Would I ever be willing to die for blueberry muffins?  Probably not.  The name, however, did catch my eye, and they turned out to be delicious (almost good enough to die for, but I’m pretty young so I’m gonna stick with the statement that at this point in my life, I would not die for any  muffin.  Check back with me about this in a while).

I found these on AllRecipes and they were pretty easy to make dairy free- I just substituted almond milk and Earth Balance where necessary and the muffins turned out soft, light and scrumptious.  I thought I was being creative and smart in substituting brown sugar for white in the crumble but next time I think I will try white sugar and hopefully the tops will come out with a prettier color.

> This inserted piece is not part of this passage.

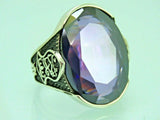 Turkish Handmade Jewelry 925 Sterling Silver Amethyst Stone Religious Mens Rings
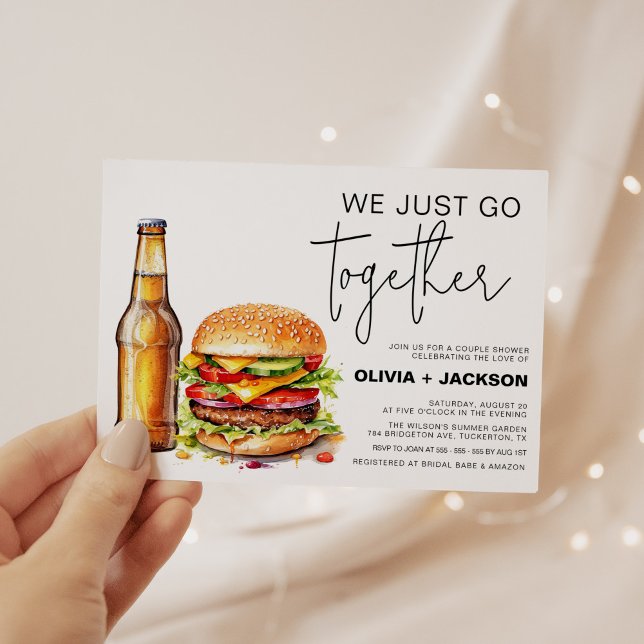 Beer and Burger Funny Casual Couples Shower Invitation (Creator Uploaded)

I really like this recipe because the batter is thick and holds the blueberries in place like glue.  You don’t have to worry about all of the blueberries sinking to the bottom of the batter, they will be spread evenly throughout!  Just follow the instructions, and you’ll just get beautiful, cake-y, delicious blueberry muffins, every time.

To Die For Blueberry Muffins

Makes 8 jumbo muffins

1 1/2 cups flour
3/4 cup white sugar
1/2 teaspoon salt
2 teaspoons baking powder
1/3 cup vegetable oil
1 egg
2 teaspoons vanilla
1/3 cup milk (I used almond milk but if you don’t need DF then I would recommend buttermilk!)
1 cup fresh blueberries
1/2 cup brown sugar
1/3 cup flour
1/4 cup butter (I used Earth Balance)
1 1/2 teaspoons cinnamon

Preheat oven to 400F. Grease muffin cups or line with muffin liners.
Combine 1 1/2 cups flour, 3/4 cup sugar, salt and baking powder. Place vegetable oil into a 1 cup measuring cup; add the egg, vanilla and then enough milk to fill the cup. Mix this with flour mixture. Fold in blueberries. Fill muffin cups right to the top, and sprinkle with crumb topping mixture.

To Make Crumb Topping: Mix together 1/2 cup brown sugar, 1/3 cup flour, 1/4 cup butter, and 1 1/2 teaspoons cinnamon. Mix with fork, and sprinkle over muffins before baking.
Bake for 20 to 25 minutes in the preheated oven, or until done. Cool completely on a wire rack then serve.